**Activity**
Below, some lines carry pictures; leave those pictures out and retype exactly the lines from the one with "Hi, I'm Heba." through the one with "This is a brand".

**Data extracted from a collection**
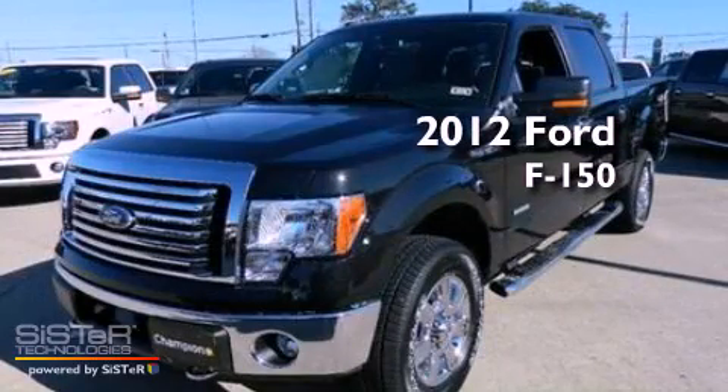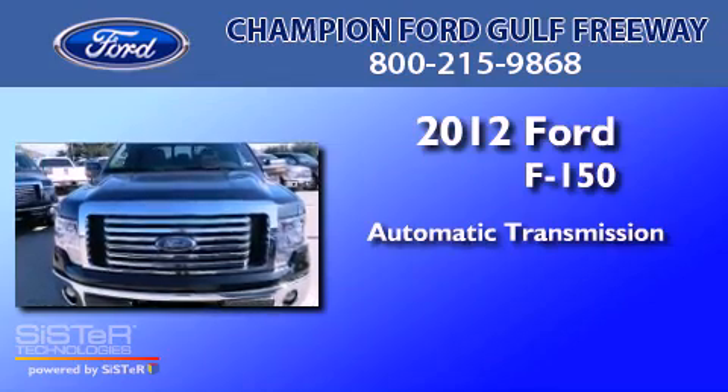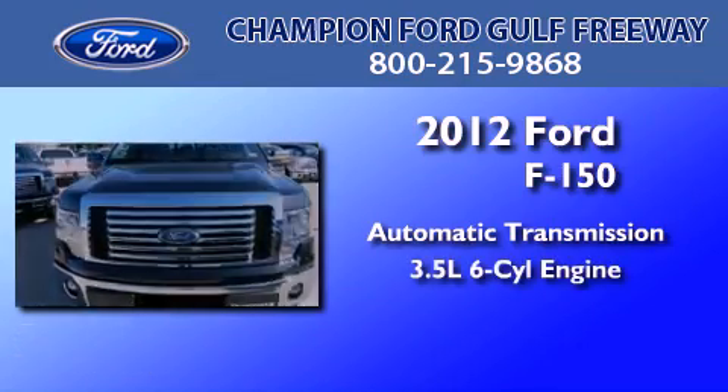This is a 2012 Ford F-150. This truck has an automatic transmission and a 3.5-liter V6.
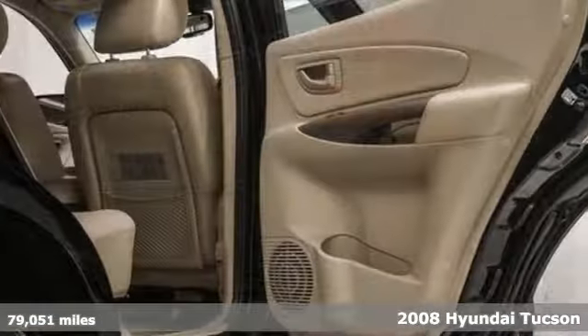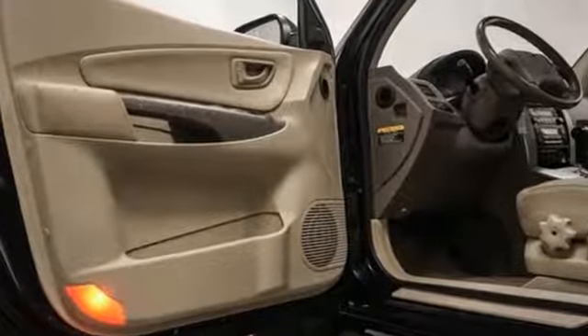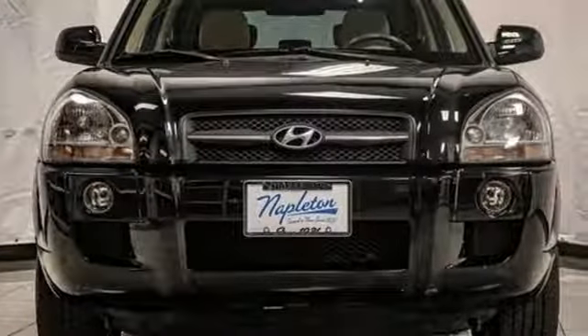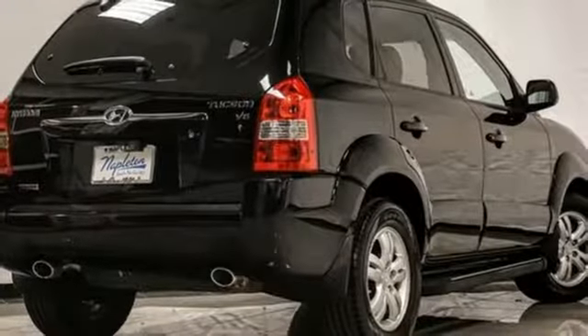It comes with great features you'll love: power heated mirrors, front heated leather bucket seats, auto-dimming rear view mirror, three 12-volt power outlets, leather steering wheel, V6 engine, aluminum wheels, gas pressurized shocks, and automatic transmission.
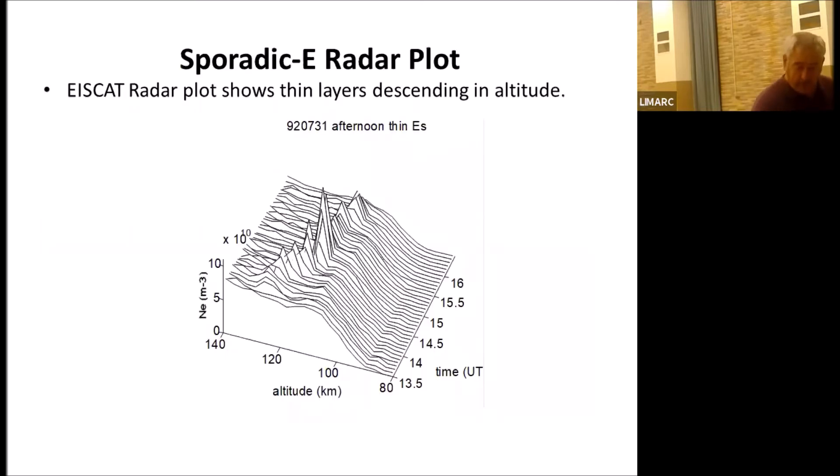From the scientific literature, they've been able to physically plot sporadic E. You can see over time a very thin layer slightly descending toward Earth until it basically breaks up. This plot was through IceCat radar situated in Europe — it's nice to have some of the scientific data alongside it.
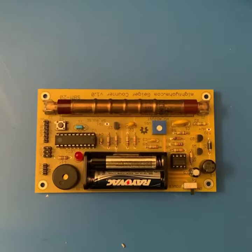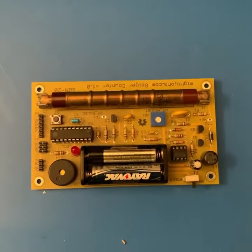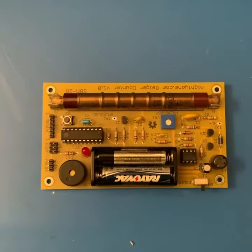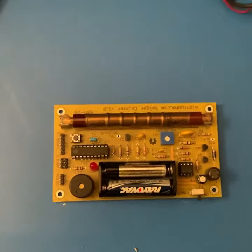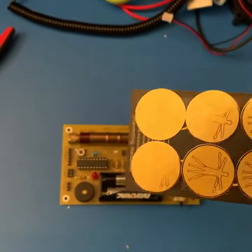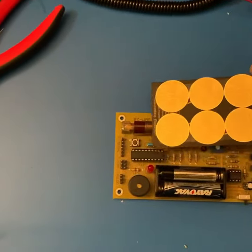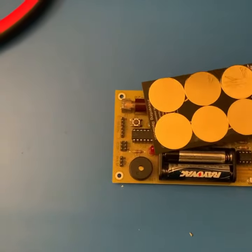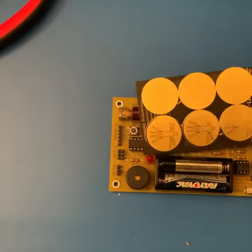This is one of my Geiger counters — it's pretty simple, beeps and clicks when it sees something. What you're hearing now is mostly background radiation. These are EMF and radiation blocking stickers, and they actually generate radiation — these contain thorium dioxide.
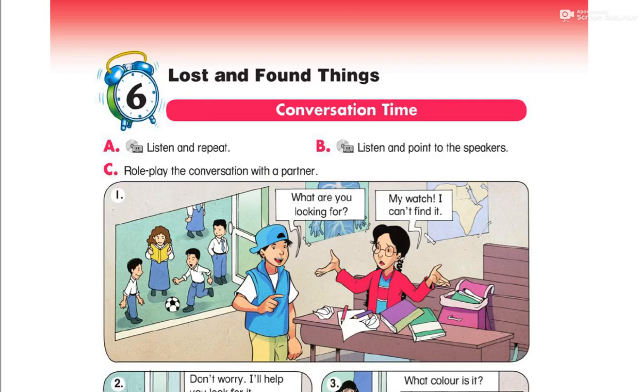Hi, I'm Heba. Today we are going to talk about Unit 6: Lost and Found Things.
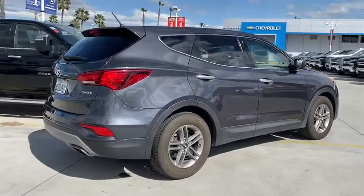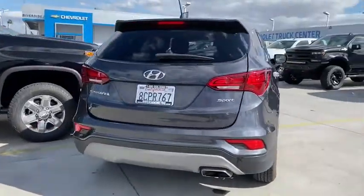This vehicle has less than 40,000 miles. Here are some of this vehicle's great options.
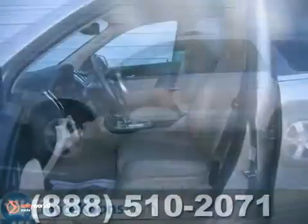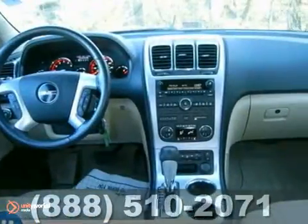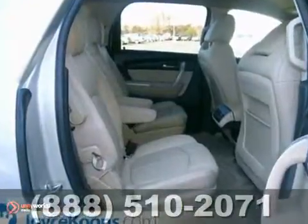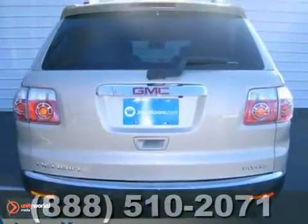Confused about which vehicle to buy? Well, look no further than this attractive 2011 GMC Acadia SLT. Your garage will only be the second one this Acadia has parked in, and you can definitely see the pride of ownership it experienced in that first garage.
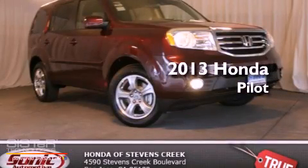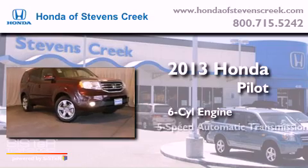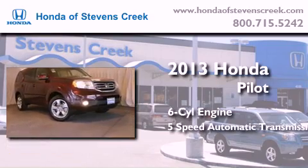This is a brand new 2013 Honda Pilot. It has a six-cylinder engine, a five-speed automatic transmission, and four-wheel drive.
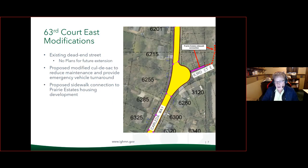63rd Court modifications: this is an existing dead-end street, and other than property 3120 there are no other driveways or reason for access to 63rd Court. So we are proposing a modified bulb-style cul-de-sac that just juts out a bit — it helps with maintenance for snow plowing and still provides access to the lots to the north, which may need it whenever those empty lots, which are all city-owned, get built on.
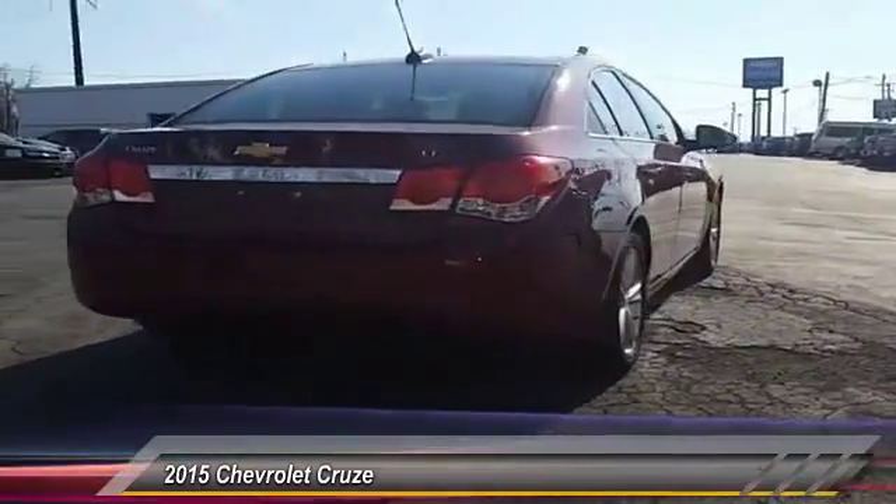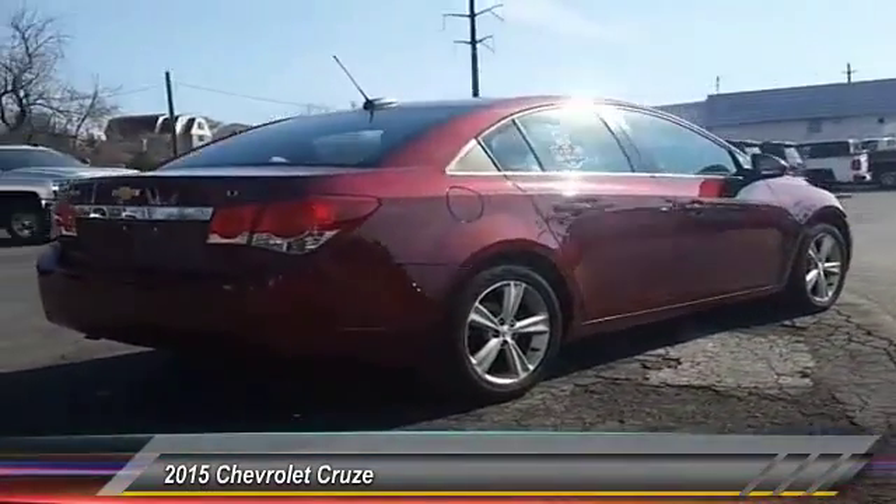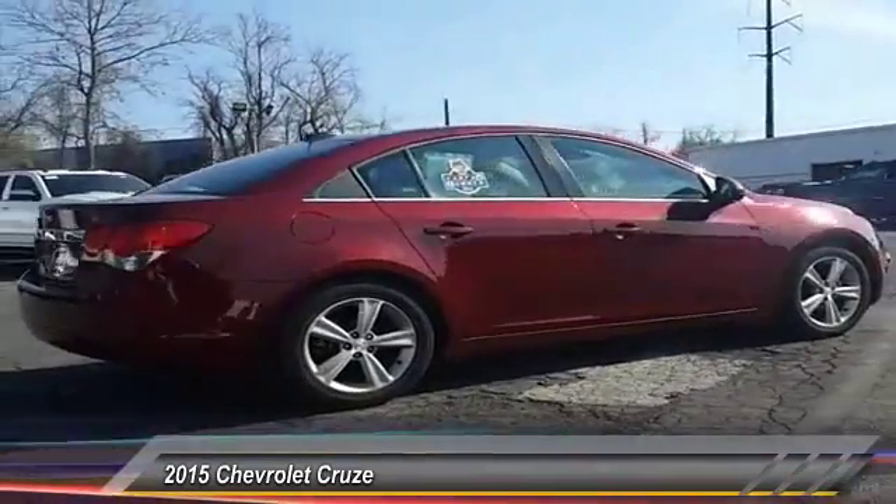This vehicle offers reliability and good looks at a great price. So come in and take a test drive today.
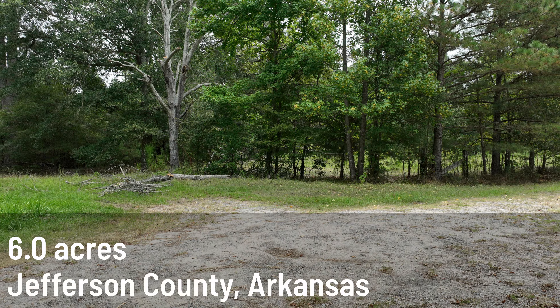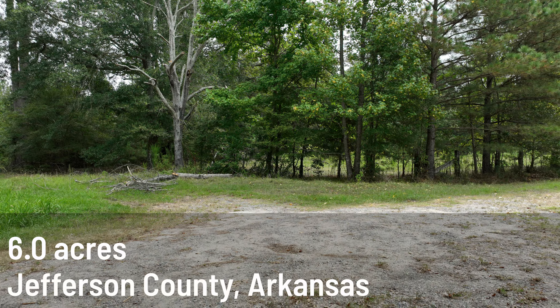This is Scott with Acre Town introducing six acres in Jefferson County, Arkansas. Enjoy the tour!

**Written response**
Hi, I'm Heba. Today we are going to talk about Unit 6: Lost and Found Things.
This vehicle has less than 40,000 miles. Here are some of this vehicle's great options.
Confused about which vehicle to buy? Well, look no further than this attractive 2011 GMC Acadia SLT. Your garage will only be the second one this Acadia has parked in, and you can definitely see the pride of ownership it experienced in that first garage.
This is a brand new 2013 Honda Pilot. It has a six-cylinder engine, a five-speed automatic transmission, and four-wheel drive.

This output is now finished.